→ TASK INSTRUCTIONS:
The lines from the start of the records through the one containing "Esteban Ocon, pilote" are to be transcribed exactly, and nothing else.

→ DATA IN THIS EXERCISE:
______________________________

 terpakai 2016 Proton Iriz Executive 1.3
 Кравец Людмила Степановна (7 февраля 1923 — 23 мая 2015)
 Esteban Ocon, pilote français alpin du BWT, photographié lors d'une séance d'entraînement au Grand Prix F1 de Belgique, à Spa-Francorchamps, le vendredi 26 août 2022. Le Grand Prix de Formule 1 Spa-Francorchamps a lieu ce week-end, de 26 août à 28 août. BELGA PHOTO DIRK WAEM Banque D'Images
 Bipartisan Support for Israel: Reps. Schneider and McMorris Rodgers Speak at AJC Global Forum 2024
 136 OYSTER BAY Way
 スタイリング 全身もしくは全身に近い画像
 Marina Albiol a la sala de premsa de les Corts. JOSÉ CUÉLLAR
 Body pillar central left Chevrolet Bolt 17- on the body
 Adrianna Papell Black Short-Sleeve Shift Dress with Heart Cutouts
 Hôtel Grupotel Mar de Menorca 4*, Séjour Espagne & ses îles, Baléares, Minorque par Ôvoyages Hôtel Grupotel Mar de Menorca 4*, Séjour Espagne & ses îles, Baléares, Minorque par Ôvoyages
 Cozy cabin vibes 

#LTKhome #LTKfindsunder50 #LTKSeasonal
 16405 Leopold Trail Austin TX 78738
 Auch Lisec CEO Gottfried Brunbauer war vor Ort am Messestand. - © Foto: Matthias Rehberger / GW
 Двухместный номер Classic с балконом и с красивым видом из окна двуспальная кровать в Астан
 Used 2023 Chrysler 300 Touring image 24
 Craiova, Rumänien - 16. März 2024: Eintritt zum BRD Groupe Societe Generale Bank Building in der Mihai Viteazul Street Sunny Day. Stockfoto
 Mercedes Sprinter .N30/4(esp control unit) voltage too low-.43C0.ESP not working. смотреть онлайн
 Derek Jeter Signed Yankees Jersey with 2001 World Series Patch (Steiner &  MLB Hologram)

______________________________

→ EXERCISE RESULT:
 terpakai 2016 Proton Iriz Executive 1.3
 Кравец Людмила Степановна (7 февраля 1923 — 23 мая 2015)
 Esteban Ocon, pilote français alpin du BWT, photographié lors d'une séance d'entraînement au Grand Prix F1 de Belgique, à Spa-Francorchamps, le vendredi 26 août 2022. Le Grand Prix de Formule 1 Spa-Francorchamps a lieu ce week-end, de 26 août à 28 août. BELGA PHOTO DIRK WAEM Banque D'Images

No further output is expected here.